Requirement = Would you filter these records and copy every line that has the word "Building"?

Input records =
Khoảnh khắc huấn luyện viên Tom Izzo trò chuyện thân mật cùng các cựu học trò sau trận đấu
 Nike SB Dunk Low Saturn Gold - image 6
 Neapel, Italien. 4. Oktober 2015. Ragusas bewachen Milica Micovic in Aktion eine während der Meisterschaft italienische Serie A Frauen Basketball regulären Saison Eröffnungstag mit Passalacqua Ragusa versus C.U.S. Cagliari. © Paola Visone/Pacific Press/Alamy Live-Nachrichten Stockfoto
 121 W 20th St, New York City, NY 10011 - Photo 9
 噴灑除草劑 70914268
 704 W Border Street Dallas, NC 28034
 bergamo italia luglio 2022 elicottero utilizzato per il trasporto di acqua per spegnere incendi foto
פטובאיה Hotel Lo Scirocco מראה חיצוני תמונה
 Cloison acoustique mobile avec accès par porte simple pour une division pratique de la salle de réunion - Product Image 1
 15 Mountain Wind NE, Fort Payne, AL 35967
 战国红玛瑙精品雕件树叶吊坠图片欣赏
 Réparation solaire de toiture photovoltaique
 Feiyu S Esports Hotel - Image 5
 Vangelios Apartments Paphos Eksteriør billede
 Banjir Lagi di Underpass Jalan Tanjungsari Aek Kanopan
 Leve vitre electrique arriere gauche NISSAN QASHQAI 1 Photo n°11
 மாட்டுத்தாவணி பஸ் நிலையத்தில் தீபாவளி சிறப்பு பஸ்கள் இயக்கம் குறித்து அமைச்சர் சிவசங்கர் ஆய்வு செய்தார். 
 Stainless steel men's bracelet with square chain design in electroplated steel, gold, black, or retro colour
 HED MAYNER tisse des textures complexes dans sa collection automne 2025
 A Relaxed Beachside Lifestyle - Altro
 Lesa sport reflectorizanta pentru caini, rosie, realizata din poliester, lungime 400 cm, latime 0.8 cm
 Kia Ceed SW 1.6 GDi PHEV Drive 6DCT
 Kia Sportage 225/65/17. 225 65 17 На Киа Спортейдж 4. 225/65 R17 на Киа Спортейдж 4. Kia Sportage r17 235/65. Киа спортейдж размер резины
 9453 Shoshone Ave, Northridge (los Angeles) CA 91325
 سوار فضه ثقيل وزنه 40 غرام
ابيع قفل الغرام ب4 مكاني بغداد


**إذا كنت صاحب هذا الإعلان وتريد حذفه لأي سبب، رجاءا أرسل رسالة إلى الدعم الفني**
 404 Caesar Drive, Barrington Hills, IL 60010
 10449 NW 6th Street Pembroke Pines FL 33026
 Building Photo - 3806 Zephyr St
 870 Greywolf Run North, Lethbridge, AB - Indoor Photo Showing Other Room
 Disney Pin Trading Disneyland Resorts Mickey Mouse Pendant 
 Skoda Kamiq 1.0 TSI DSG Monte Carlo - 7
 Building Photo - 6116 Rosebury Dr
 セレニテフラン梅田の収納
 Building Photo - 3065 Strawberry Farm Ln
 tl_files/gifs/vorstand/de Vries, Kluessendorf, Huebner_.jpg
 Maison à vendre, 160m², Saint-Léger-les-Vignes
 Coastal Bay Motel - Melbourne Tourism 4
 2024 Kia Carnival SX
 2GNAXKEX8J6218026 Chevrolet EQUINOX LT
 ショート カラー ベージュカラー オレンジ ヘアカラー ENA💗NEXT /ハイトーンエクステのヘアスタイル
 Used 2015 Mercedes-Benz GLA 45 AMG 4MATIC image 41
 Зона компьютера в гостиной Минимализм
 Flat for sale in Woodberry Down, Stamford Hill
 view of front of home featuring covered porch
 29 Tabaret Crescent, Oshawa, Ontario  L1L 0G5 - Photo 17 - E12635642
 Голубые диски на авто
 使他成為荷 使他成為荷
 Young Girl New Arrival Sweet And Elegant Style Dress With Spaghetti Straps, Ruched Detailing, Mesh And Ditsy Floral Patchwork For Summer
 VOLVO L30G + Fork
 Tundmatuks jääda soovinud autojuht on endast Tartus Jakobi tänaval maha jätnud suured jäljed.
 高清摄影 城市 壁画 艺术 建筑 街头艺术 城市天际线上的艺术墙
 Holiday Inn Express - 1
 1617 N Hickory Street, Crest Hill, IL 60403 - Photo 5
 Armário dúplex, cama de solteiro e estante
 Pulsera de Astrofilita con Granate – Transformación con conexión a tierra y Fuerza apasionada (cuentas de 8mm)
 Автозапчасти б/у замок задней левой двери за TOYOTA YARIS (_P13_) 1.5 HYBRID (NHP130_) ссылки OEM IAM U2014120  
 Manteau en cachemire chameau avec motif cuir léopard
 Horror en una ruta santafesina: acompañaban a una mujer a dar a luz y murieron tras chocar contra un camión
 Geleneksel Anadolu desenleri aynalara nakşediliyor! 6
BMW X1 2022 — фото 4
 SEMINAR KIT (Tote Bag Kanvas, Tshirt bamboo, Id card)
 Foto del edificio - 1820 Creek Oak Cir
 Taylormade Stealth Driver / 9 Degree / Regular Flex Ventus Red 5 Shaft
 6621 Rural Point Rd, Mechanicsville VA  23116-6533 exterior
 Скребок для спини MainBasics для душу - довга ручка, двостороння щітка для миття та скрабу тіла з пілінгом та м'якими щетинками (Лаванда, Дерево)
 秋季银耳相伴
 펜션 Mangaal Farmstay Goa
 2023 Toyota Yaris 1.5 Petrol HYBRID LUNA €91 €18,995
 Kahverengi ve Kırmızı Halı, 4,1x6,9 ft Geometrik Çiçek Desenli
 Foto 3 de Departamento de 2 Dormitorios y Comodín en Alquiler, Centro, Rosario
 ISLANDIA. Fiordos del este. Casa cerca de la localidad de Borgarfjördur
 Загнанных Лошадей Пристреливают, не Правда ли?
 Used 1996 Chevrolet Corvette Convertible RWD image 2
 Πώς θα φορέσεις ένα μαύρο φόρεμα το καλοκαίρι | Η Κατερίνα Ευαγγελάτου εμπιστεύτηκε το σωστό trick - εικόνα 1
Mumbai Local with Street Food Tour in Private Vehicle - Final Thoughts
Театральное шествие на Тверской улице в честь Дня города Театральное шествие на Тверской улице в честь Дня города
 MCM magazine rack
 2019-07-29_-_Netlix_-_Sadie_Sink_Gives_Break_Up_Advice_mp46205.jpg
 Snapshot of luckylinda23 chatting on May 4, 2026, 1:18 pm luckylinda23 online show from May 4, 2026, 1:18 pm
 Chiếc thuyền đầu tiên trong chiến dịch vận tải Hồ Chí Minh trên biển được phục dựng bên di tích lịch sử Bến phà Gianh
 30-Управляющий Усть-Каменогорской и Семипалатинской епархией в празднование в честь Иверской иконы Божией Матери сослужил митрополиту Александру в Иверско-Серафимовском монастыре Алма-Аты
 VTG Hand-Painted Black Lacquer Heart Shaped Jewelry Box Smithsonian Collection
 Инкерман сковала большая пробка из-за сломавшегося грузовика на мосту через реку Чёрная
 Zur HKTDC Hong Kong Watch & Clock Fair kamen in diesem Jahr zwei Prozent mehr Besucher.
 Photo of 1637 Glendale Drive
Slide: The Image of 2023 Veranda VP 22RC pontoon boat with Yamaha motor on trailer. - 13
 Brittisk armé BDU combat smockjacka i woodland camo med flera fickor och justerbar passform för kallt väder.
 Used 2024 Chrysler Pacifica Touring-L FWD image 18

Exercise solution =
 Building Photo - 3806 Zephyr St
 Building Photo - 6116 Rosebury Dr
 Building Photo - 3065 Strawberry Farm Ln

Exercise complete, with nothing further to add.